Steve Bannon’s billionaire Chinese ally Guo Wengui arrested by FBI in sprawling fraud case
The far-right activist and former Trump adviser was arrested on Guo Wengui’s yacht in 2020
Exiled Chinese billionaire Guo Wengui, an ally of far-right activist and former Donald Trump aide Steve Bannon, was arrested and charged by federal prosecutors in connection with a sprawling fraud case.
He owned the 152-foot-long yacht on which Bannon was arrested in August 2020 and helped found a media group under investigation by the US Securities and Exchange Commission.
Guo, known as Ho Wan Kwok, among other aliases, was arrested in New York on 15 March on charges that he orchestrated a $1bn fraud scheme under a 12-count indictment alleging wire fraud, securities fraud, bank fraud and money laundering.
Kin Ming Je, or William Je, Guo’s financier, also is charged with obstruction of justice. He is currently at large.
Guo “led a complex conspiracy to defraud thousands of his online followers” out of more than $1bn, according to US Attorney Damian Williams, and is “charged with lining his pockets with the money he stole, including buying himself, and his close relatives, a 50,000 square foot mansion, a $3.5m Ferrari and even two $36,000 mattresses, and financing a $37 luxury yacht.”
The money also was used for nearly $1m in rugs, a $4.4m Bugatti sports car, a Rolls-Royce Phantom, a $62,000 television and a $53,000 log cradle for a fireplace, among other items, according to prosecutors.

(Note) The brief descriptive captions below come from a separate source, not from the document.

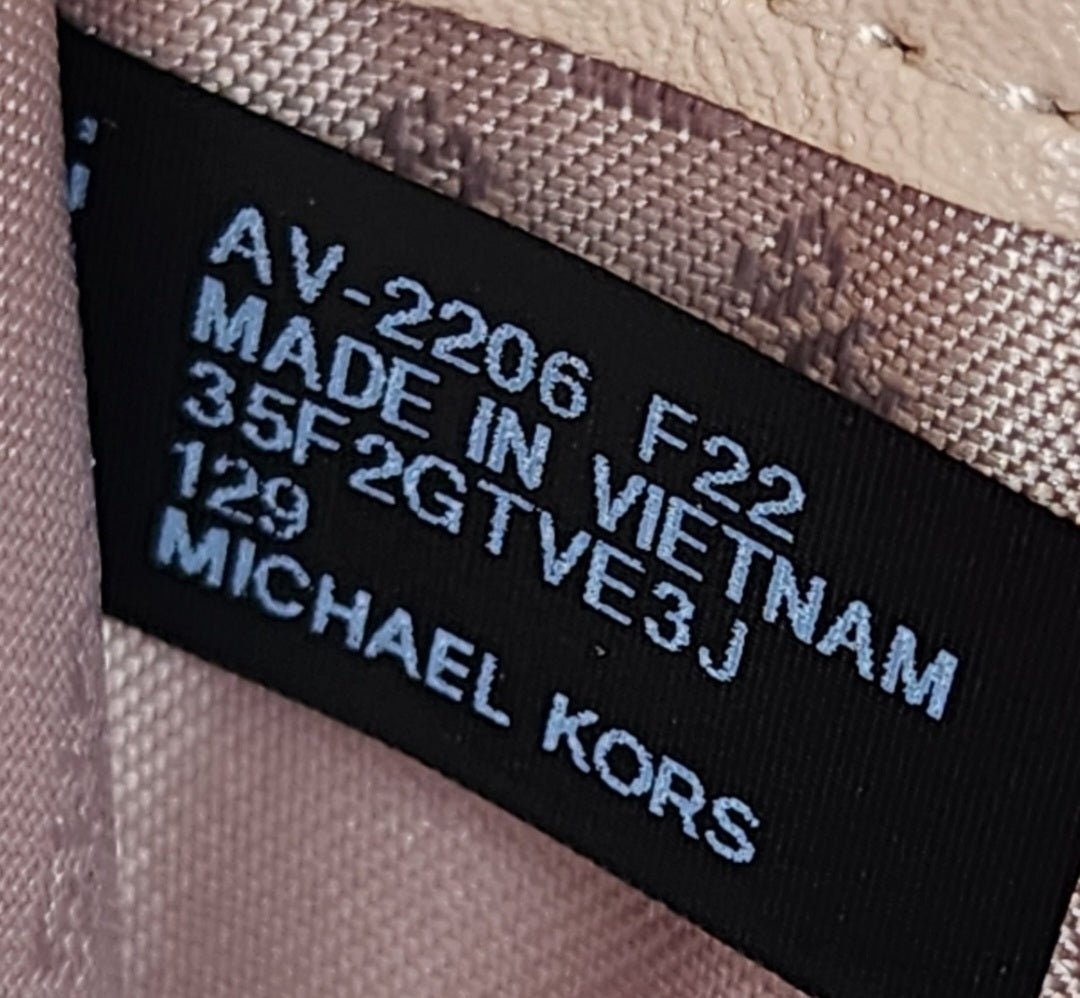 Michael Kors Jet Set Logo LG Wallet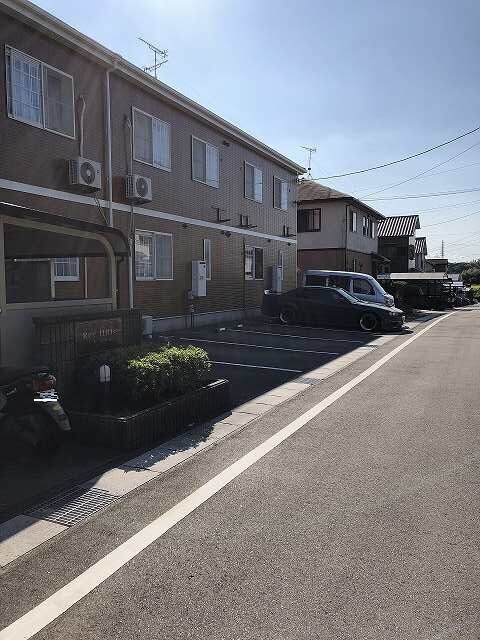 2/7 駐車場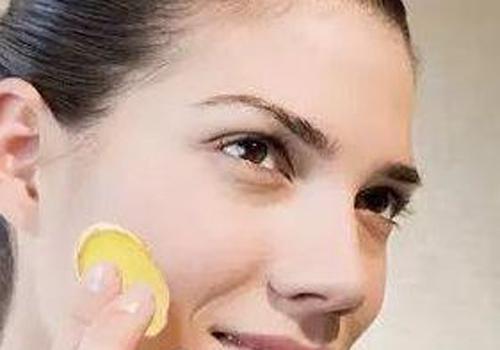 生姜擦脸真的能祛斑吗,生姜擦脸祛斑要多久-乐
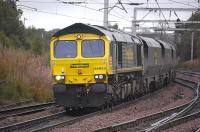 Freightliner 66953 heads <i>wrong line</i> through Carstairs with a Ravenstruther - Drax coal train on 21 September.<br><br>[Bill Roberton 21/09/2009]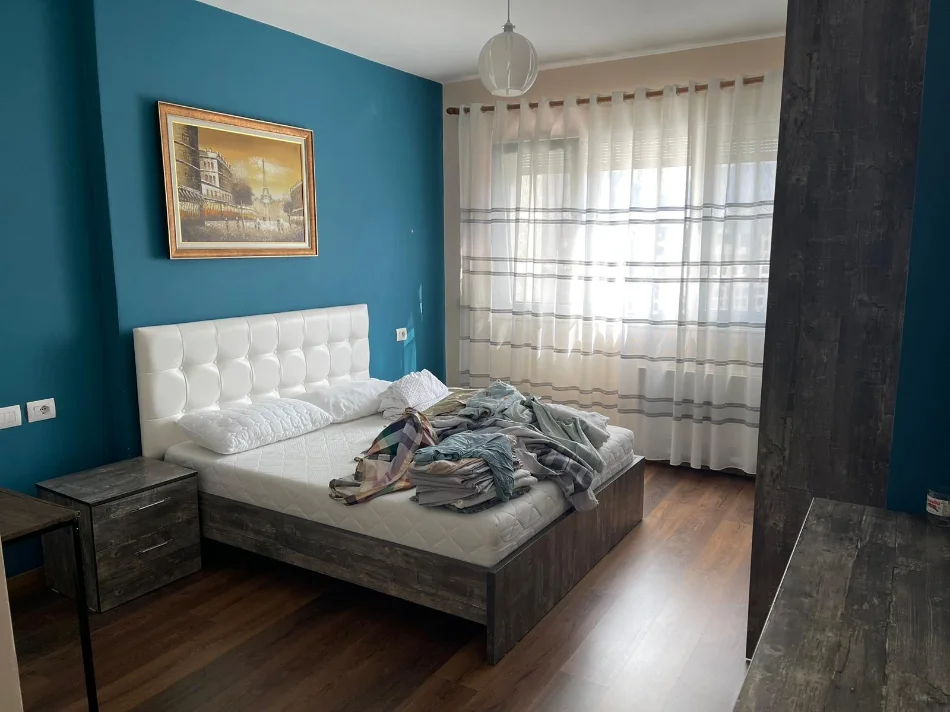 Tirane, jepet me qera apartament 2+1 Kati 4, 115 m² 850 € (Kopshti Zoologjik)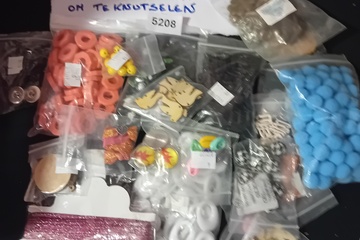Afbeelding van kralen en knutselgerief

He allegedly used two nonprofit organisations founded in 2018 – the Rule of Law Foundation and the Rule of Law Society – to “amass followers who were aligned with his purported policy objectives in China and who were also inclined to believe [his] statements regarding investment and money-making opportunities,” prosecutors argued.
He is accused of lying to investors by promising them “outsized returns if they invested, or provided money to” his GTV Media Group, spearheaded by Mr Bannon, or Guo’s other projects, including te Himalaya Farm Alliance, G|CLUBS, and the Himalaya Exchange.
“Since in or about April 2020, Guo has conducted fraudulent securities offerings that have collectively raised at least hundreds of millions of dollars from investors in the United States and around the world,” according to the SEC complaint.
“Unbeknownst to those investors, Guo and his financial adviser, Je, misappropriated a large portion of the funds raised ... in order to enrich themselves and their family members,” according to the complaint.
From about 30 April, 2002 to 2 June, 2020, $452m in GTV stock was allegedly sold to more than 5,500 investors, prosecutors said.
Guo and Je then directed $100m from funds raised through GTV Private Placement into a high-risk hedge fund for the benefit of GTV’s parent company and its ultimate beneficial owner who was a close family relative of Guo, according to the complaint.
Guo and Je also allegedly fraudulently obtained more than $150m through the Himalaya Farm Alliance, $250m from an online membership club called G|CLUBS, and $262m through a cryptocurrency exchange for “H-Coin” that the men falsely claimed was backed by gold reserves, according to the complaint.
Bannon is not charged in connection with the complaint. He is facing prosecution in a separate fraud case from Manhattan’s district attorney accusing the far-right media personality of defrauding donors to the We Build the Wall campaign.